About this exercise: Excluding pictures, what does the listing below contain from the line with "metro w Warszawie" up to and including the line with "2017-2018 Kia Forte", word for word?

Data records:
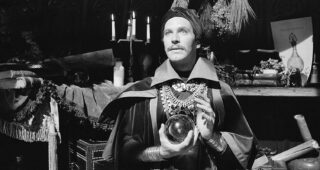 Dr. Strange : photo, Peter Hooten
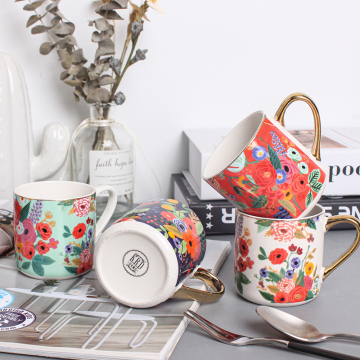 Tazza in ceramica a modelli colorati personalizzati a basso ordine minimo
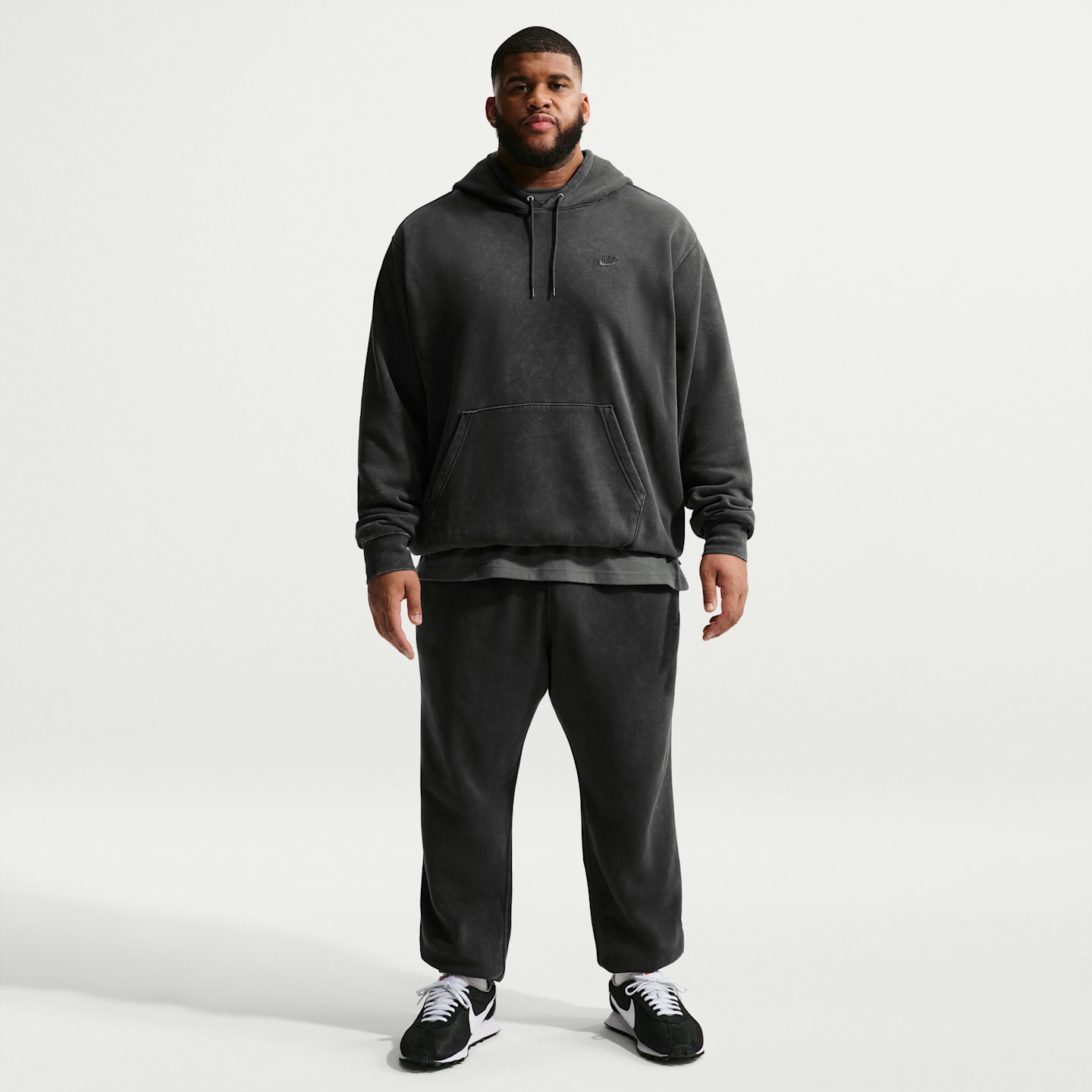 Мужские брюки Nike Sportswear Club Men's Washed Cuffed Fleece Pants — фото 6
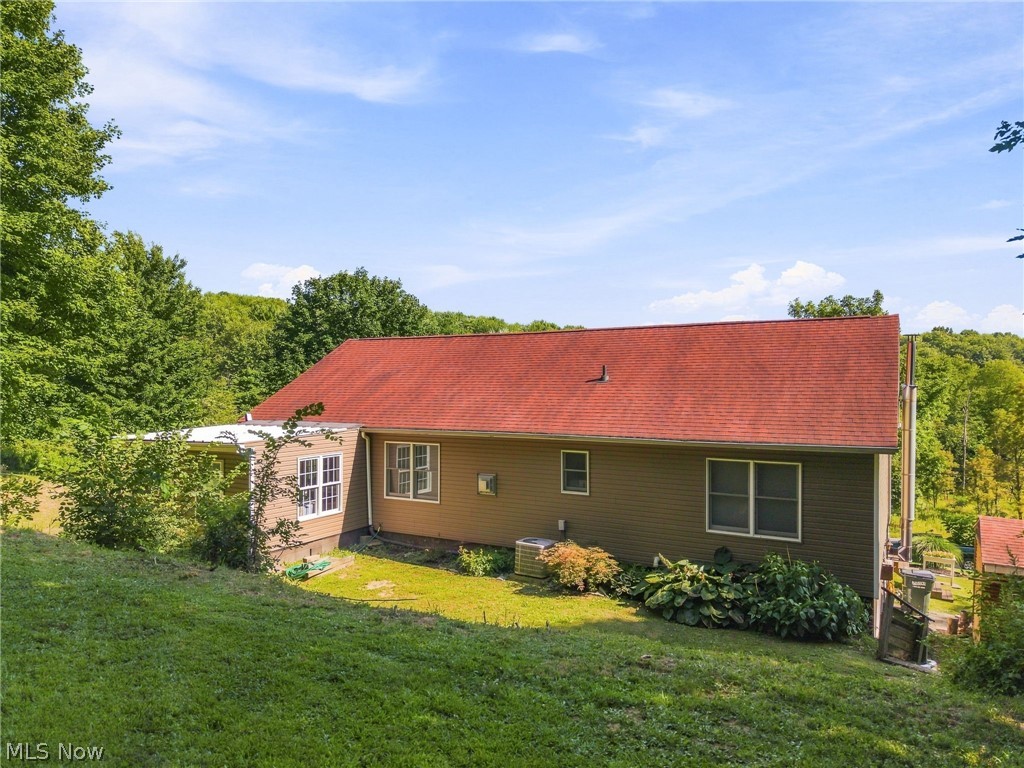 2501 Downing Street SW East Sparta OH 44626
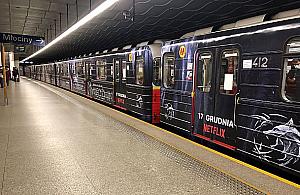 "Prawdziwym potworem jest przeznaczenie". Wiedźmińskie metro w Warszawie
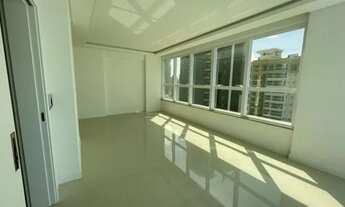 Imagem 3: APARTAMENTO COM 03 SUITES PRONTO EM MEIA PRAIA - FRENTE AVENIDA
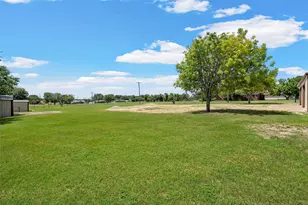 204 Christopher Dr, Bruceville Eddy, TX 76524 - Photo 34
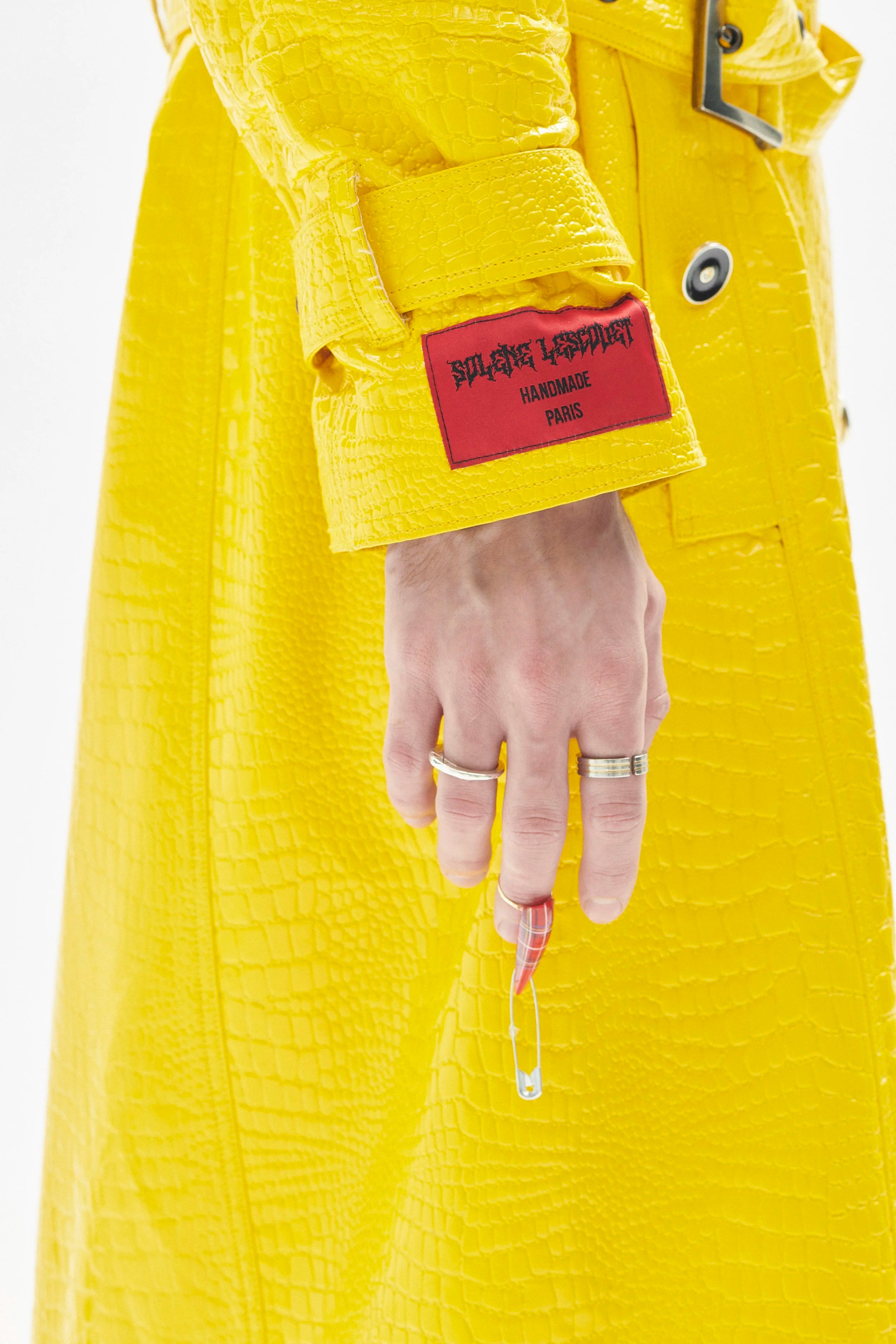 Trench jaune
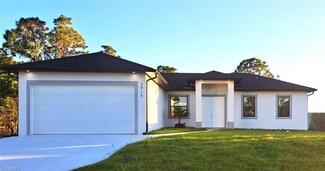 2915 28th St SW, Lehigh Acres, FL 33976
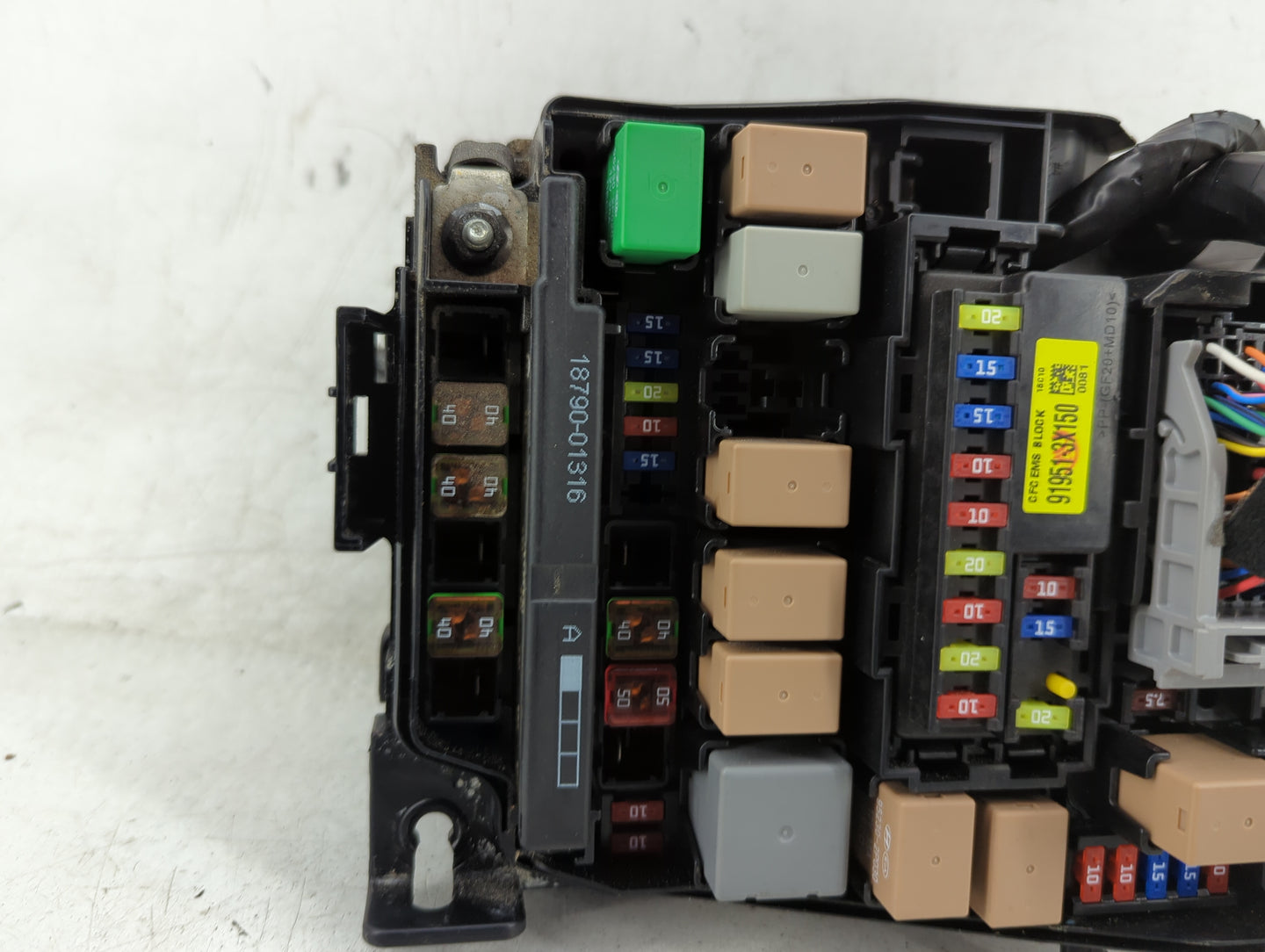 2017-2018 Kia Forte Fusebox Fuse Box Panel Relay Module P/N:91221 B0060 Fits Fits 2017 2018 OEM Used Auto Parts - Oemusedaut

...

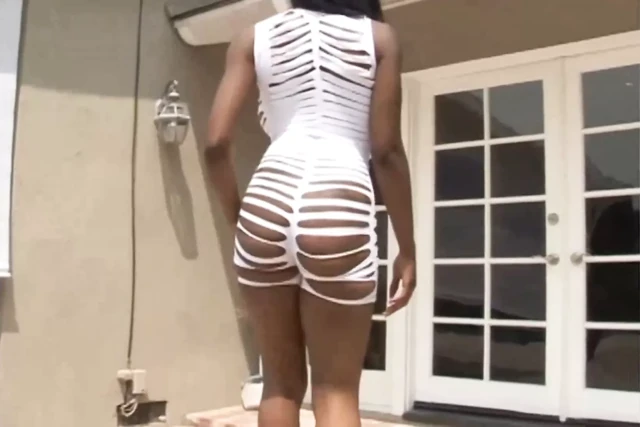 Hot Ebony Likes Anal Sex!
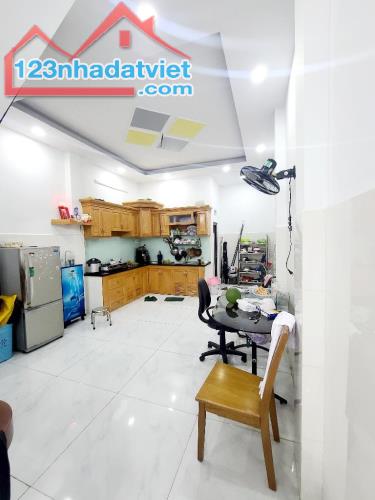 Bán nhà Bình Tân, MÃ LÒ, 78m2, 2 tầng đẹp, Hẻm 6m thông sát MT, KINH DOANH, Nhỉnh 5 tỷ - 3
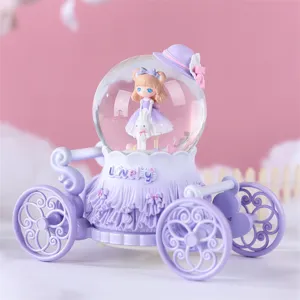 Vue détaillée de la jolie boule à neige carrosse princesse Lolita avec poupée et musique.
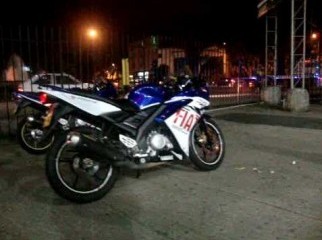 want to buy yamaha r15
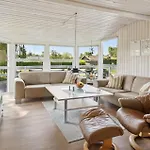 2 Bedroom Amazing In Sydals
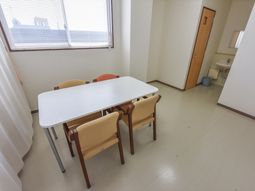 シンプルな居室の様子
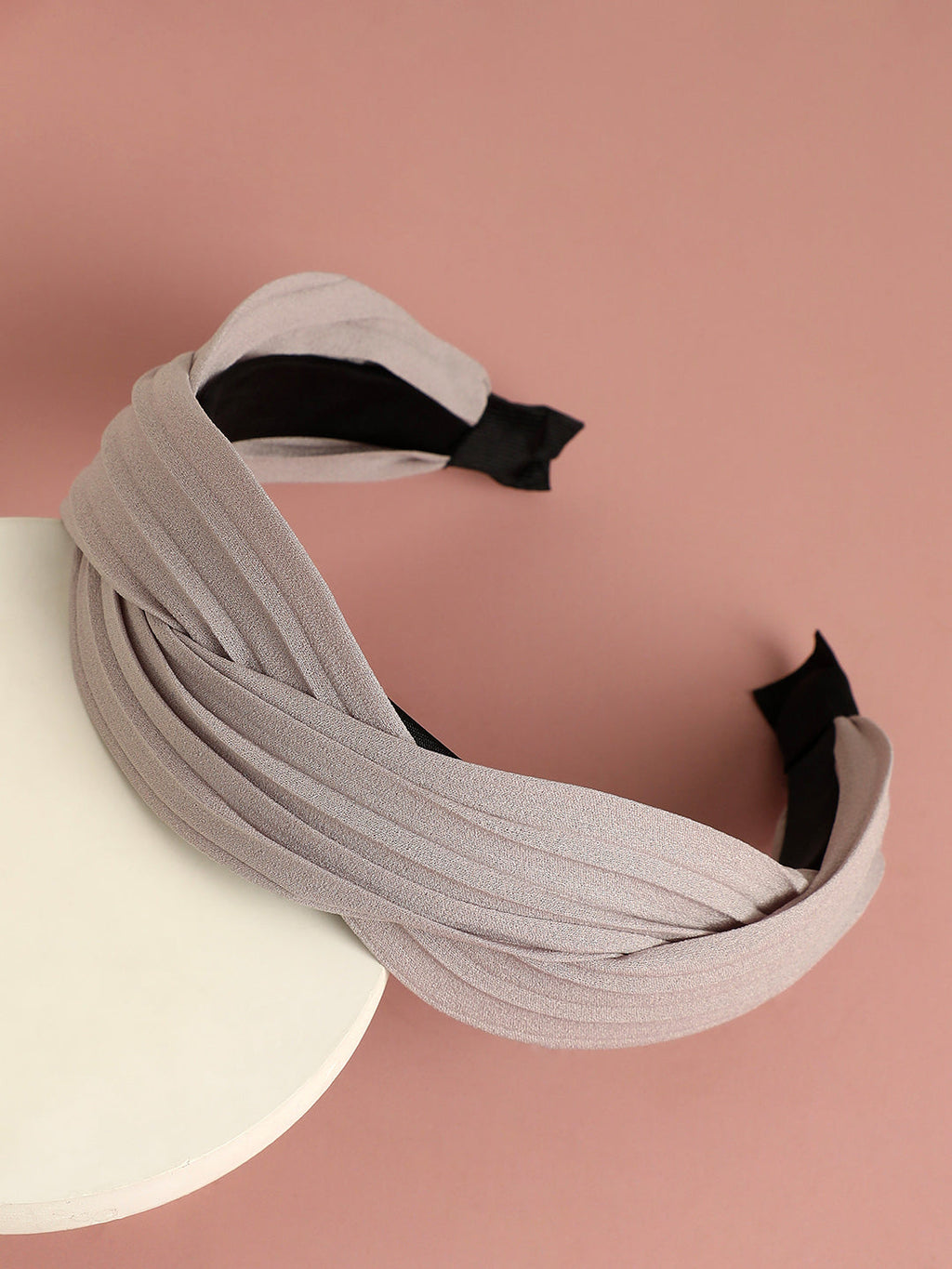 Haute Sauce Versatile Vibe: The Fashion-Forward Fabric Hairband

...

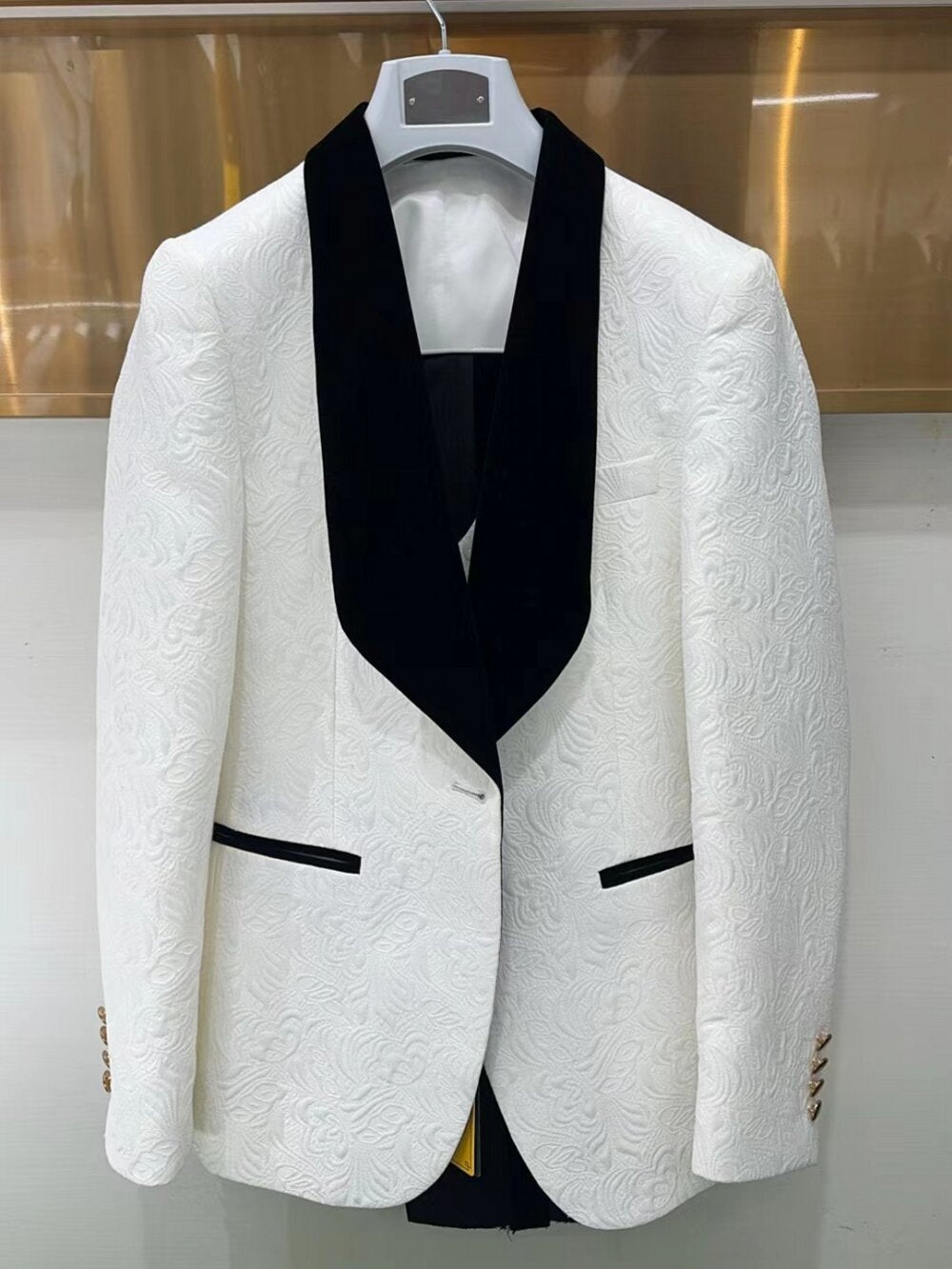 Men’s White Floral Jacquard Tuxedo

Response box:
 "Prawdziwym potworem jest przeznaczenie". Wiedźmińskie metro w Warszawie
 Imagem 3: APARTAMENTO COM 03 SUITES PRONTO EM MEIA PRAIA - FRENTE AVENIDA
 204 Christopher Dr, Bruceville Eddy, TX 76524 - Photo 34
 Trench jaune
 2915 28th St SW, Lehigh Acres, FL 33976
 2017-2018 Kia Forte Fusebox Fuse Box Panel Relay Module P/N:91221 B0060 Fits Fits 2017 2018 OEM Used Auto Parts - Oemusedaut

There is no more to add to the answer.